Otro deporte favorito era deslizarnos por las laderas en yaguasiles (yaguiques, dicen por el Este, cubierta del racimo tierno de la pal­ma real). Para nosotros era como un viaje espacial. Si la ladera estaba cubierta con un poco de hojas era menor la fricción y mayor la velo­cidad. Era algo increíble. Pero era difícil que no su­friera el pantalón, y la pagaba doblemente el fundillo, pues la pela era segura.

A propósito de pela (o zurra), diré que eran abundantes. En esos tiempos te calentaban las canillas y las posaderas por cualquier cosa. A alguna de mis hermanas le caía mal que si mi madre me ofrecía una pela (era siempre ella), yo le dije­ra que me la diera pronto, “para salir de eso”. Por su­puesto, mi madre no olvidaba. Hasta he oído que algunas pelas eran injustas, pero yo no pienso en eso. Pienso más bien en lo tremendo que era yo; una más, una me­nos… Un día me mandó mi madre a buscar unos guineos (bananos) que le ofreció José García (El Prietico). Llegué a la casa de éste, y la esposa, Juana, me dijo que no estaba, que lo esperara. Mientras tanto, las hijas (Telma y otra cuyo nombre no recuerdo) estaban ha­ciendo un cocinao. Habían preparado una cocinita en el patio y estaban cocinando en pailas de juguete berenjenas con carne. Con el olor bastaba; no había que rogarme que me quedara.

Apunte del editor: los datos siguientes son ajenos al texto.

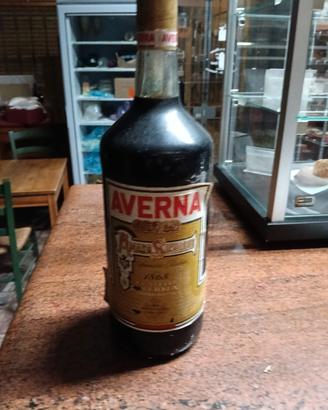 bottiglia amaro Averna litri 1,5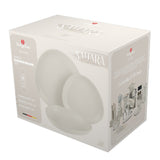 Berlinger Haus 18 részes tányérkészlet – Matt krém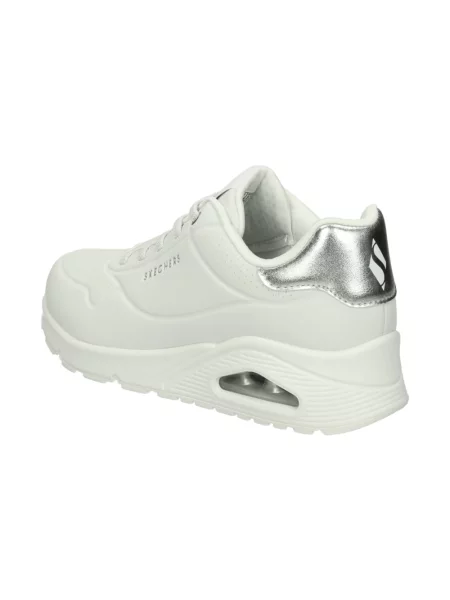 Sneakersy Skechers białe
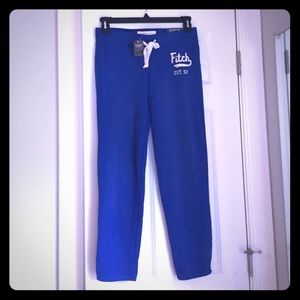 Abercrombie & Fitch Classic Banded Sweatpants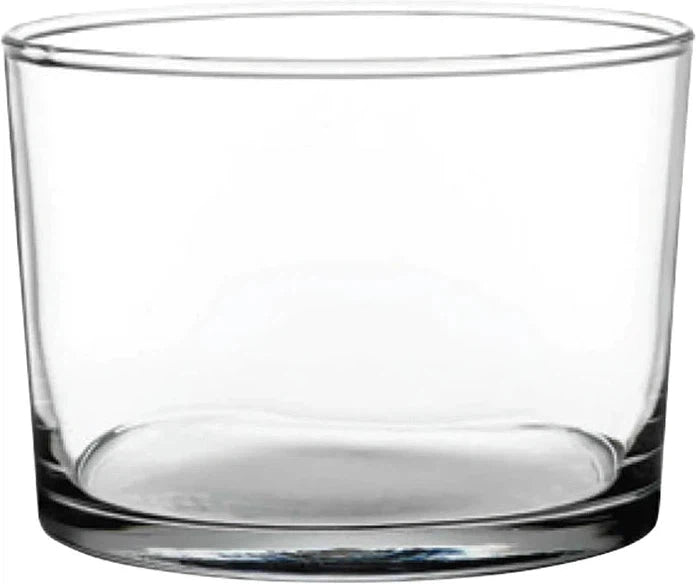 Pasabahce - 7.5 Oz Tubo Tumbler Glass, Pack of 12 - PG42230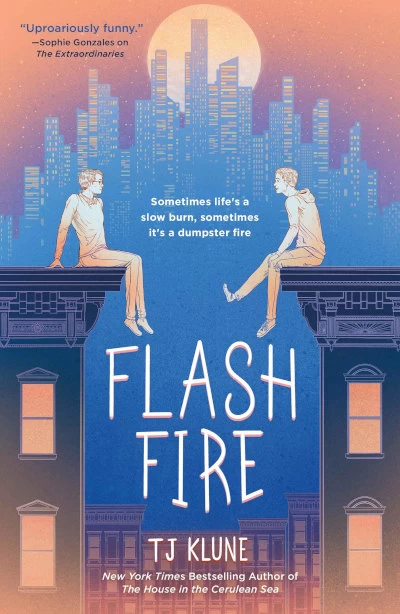 Flash Fire (The Extraordinaries #2) by TJ Klune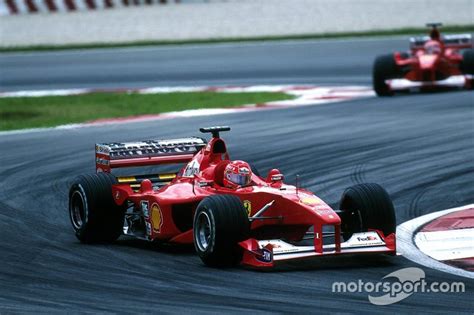 Michael Schumacher, Ferrari F1-2000 at Malaysian GP High-Res ...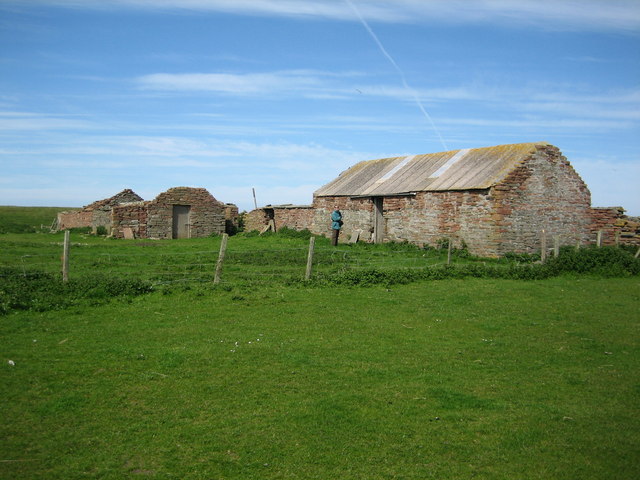 Hamar Farmhouse (south & east sides), Faray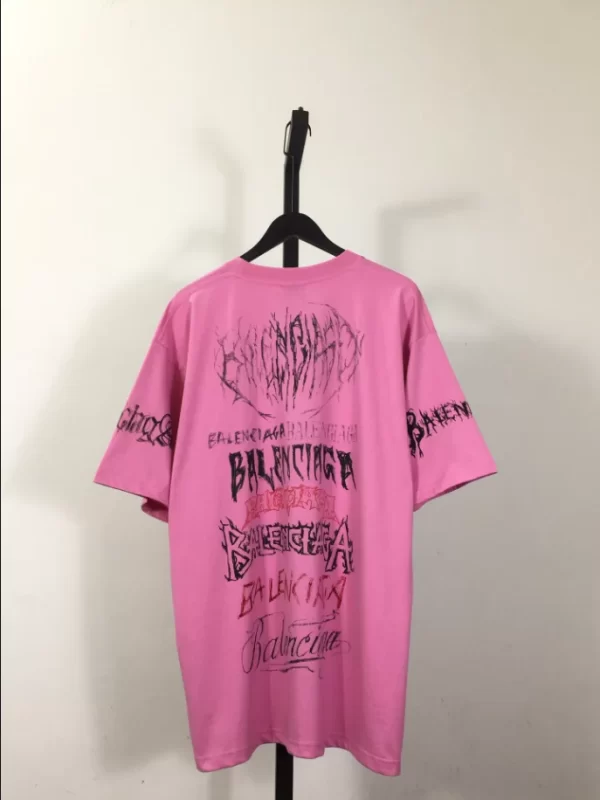 Balenciaga DIY Metal T-Shirt in a Large Fit - BT19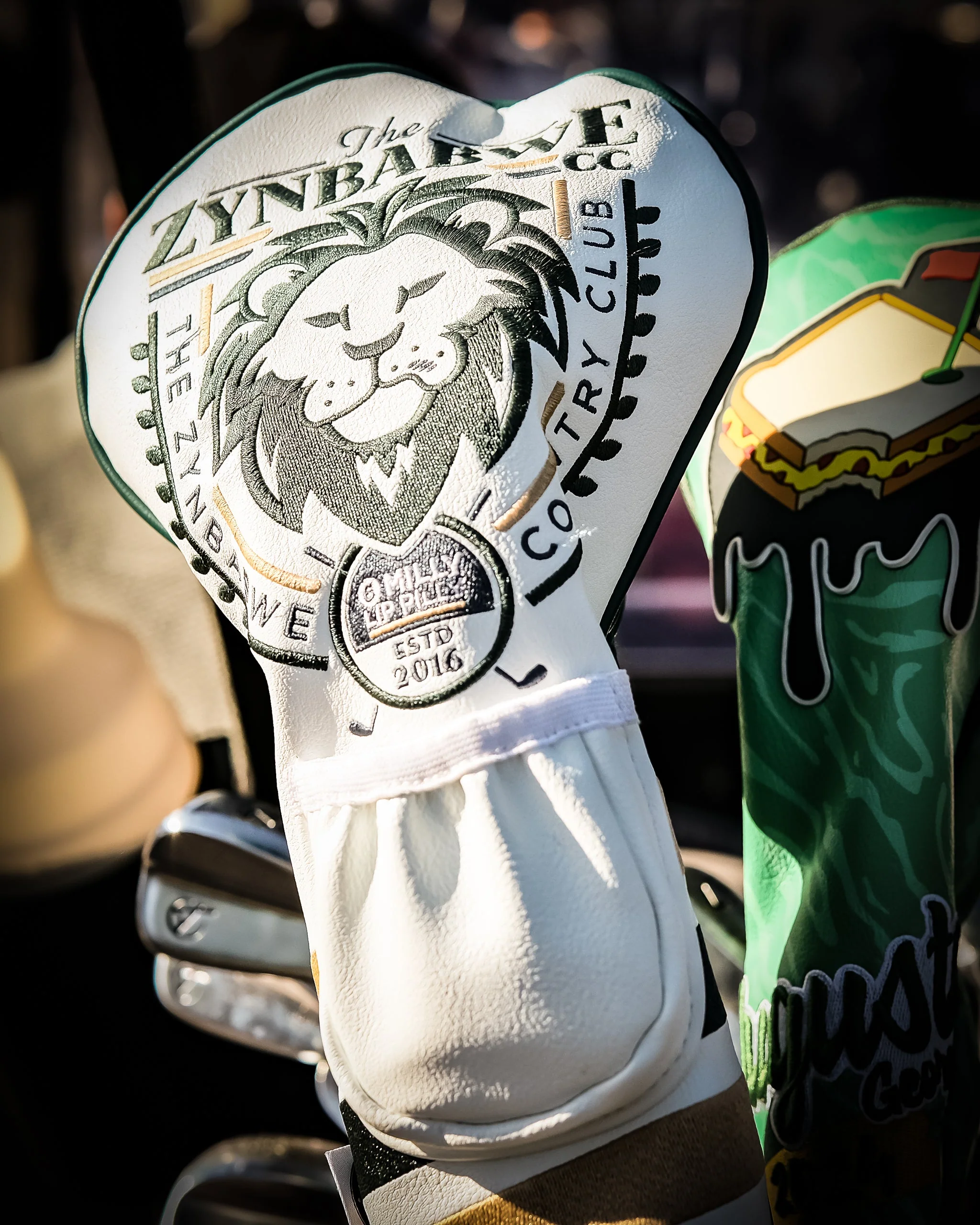 Zynbabwe Country Club - Driver Cover - Image 16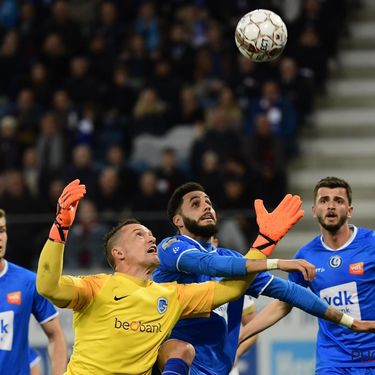 KAA Gent v KRC Genk - Jupiler Pro League: Play-Offs 1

A las tantas llegué a mi casa, no recuerdo si con gui­neos o sin ellos. Como había visita, mi madre solo me hizo con la mano la señal de “lo tuyo viene”. Y así fue. Tan pronto se fue la visita, me entró a correazos en el aposento, mientras las hermanas acechaban para ver­me saltar tratando de esquivar algún golpe. Alguna de ellas goza recordando que a veces hacían ellas alguna travesura, y la pela me la daban a mí. Así era yo de dichoso.

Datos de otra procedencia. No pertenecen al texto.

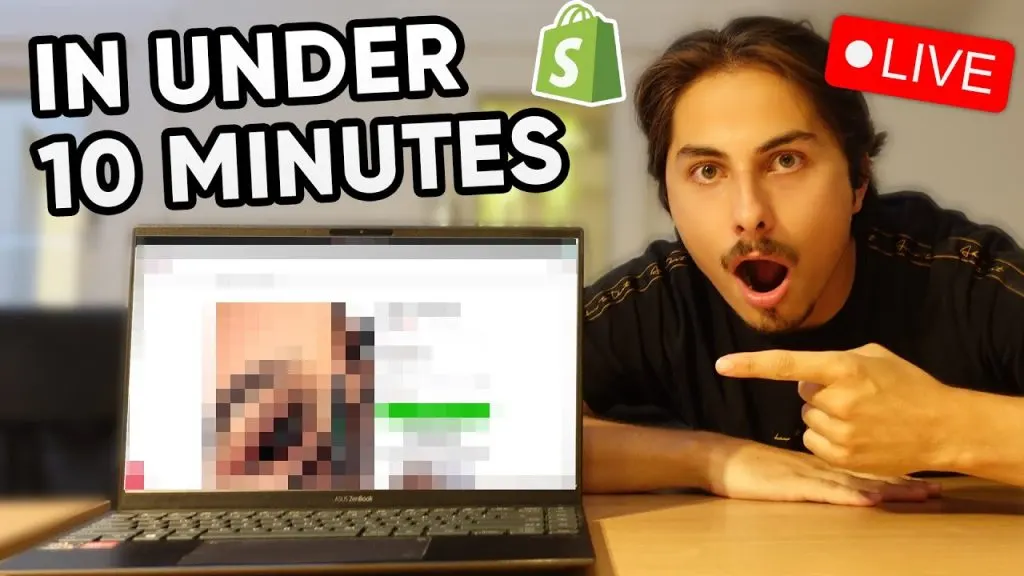 Creating A 7-Figure Shopify Store LIVE (+ FREE WINNING PRODUCT)
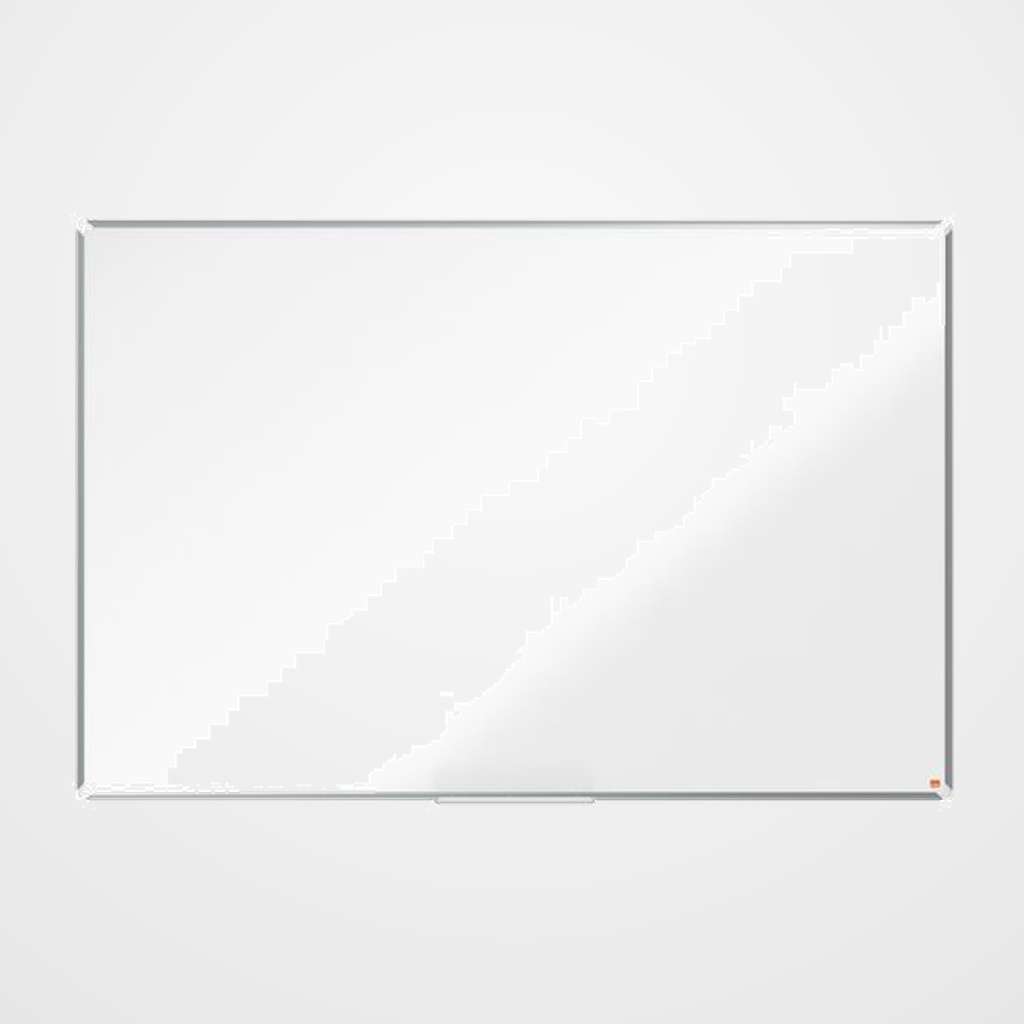 PIZARRA BLANCA MAGNETICA NOBO PREMIUM PLUS LACADA MARCO ALUMINIO 180x120 cm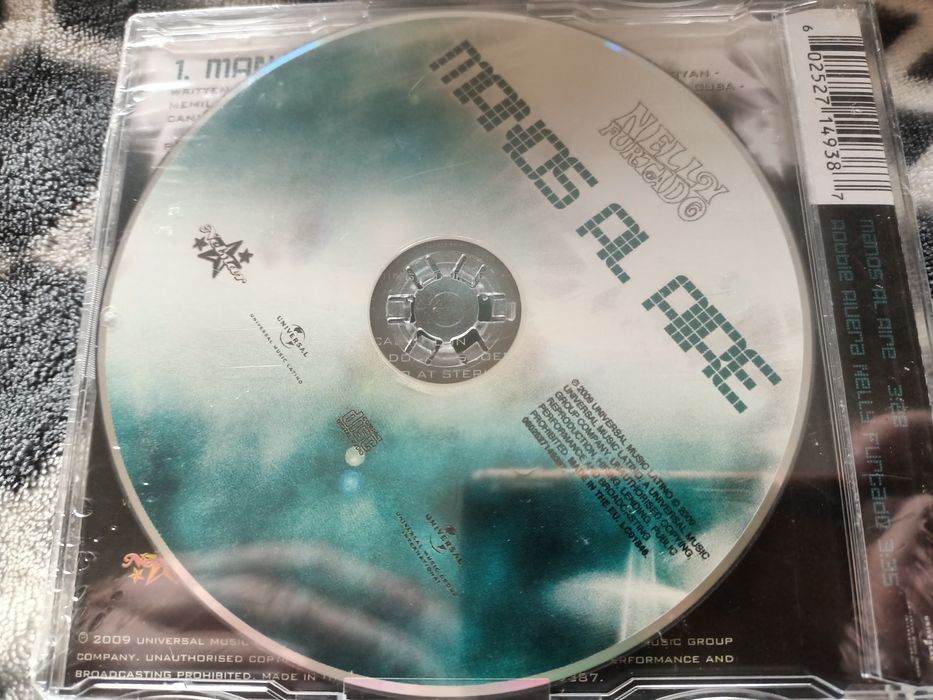 Nelly Furtado - Manos Al Aire (CD, Single)(folia)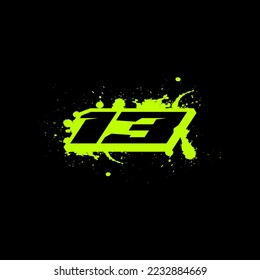 Motorrad-Rennnummer-Design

Cuando éramos peque­ños, jugábamos a cocinar; las hembras cocinaban y los varones atendíamos el colmado (la pulpería). No faltaba nada: sal (piedrecitas), azúcar (arena), aceitunas (frutos de violeta), etc. Por supuesto, había papel moneda para pagar: hojas de árbo­les. La comida siempre que­daba sabrosa.

Yo hasta jugué a ser sastre de las muñecas de mis hermanas (profesión que luego me fue útil –incluso en el Seminario– para coser las medias rotas, metiendo dentro un bombillo, una bombilla; no había nada mejor para coserlas). Creo que esa profesión se ha visto reducida a pegar botones y a algún zurcido más o menos urgente, lo cual he tenido que hacer yo mismo casi toda la vida.

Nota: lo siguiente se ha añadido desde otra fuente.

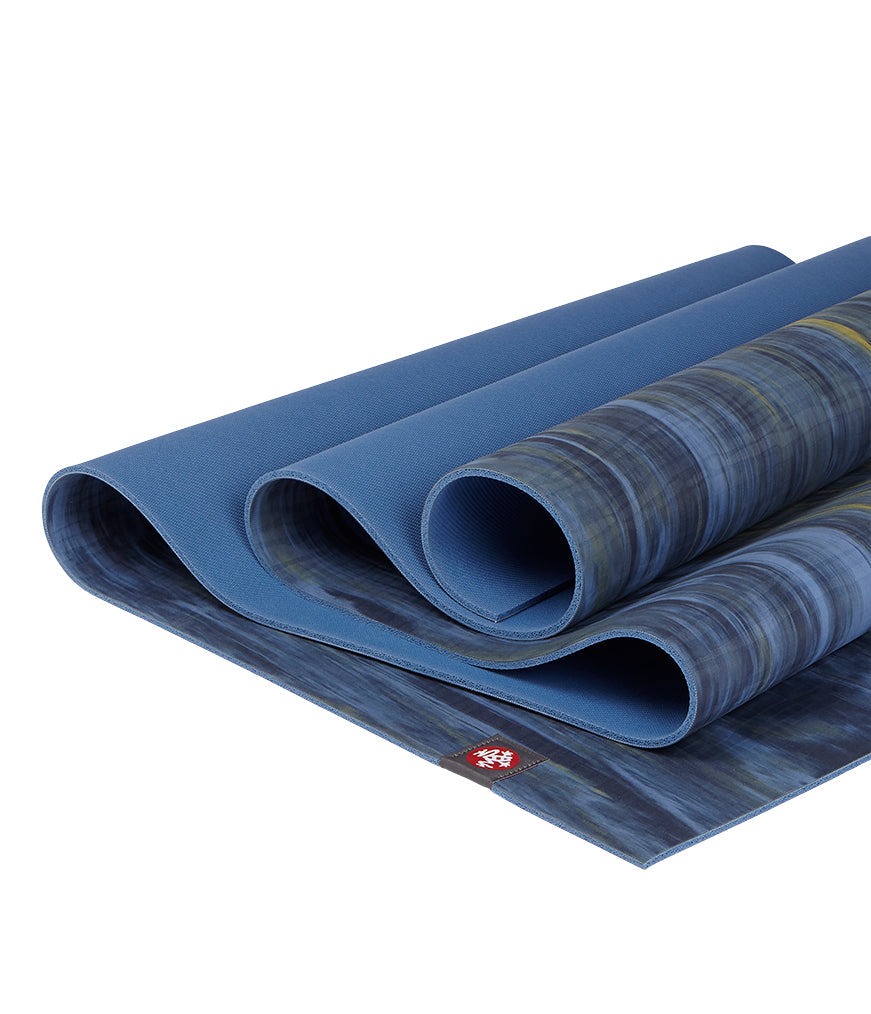 Thảm Manduka eKO Lite Mat 4mm 71'' - Shade Blue Marbled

Ya más grandecito, jugué a celebrar Misa; como mi madre vestía siempre de luto, fue fácil encontrar una sotana negra… Para los de­más ornamentos no observaba muy bien las rúbricas. Lo cierto es que colocaba a los fieles (hermanas y herma­nos) y al monaguillo, mi pri­mo Dominguito (Domingo Bretón Lara), siempre a mis espaldas (¡no había Vaticano II todavía!); esto servía bien a mis propósitos de comer­me la mayor parte de las hostias, que no eran más que rodajas de plátano maduro. ¡La inocencia es muy creativa! (Pero también hay que decir: Dios tiene sus cami­nos…).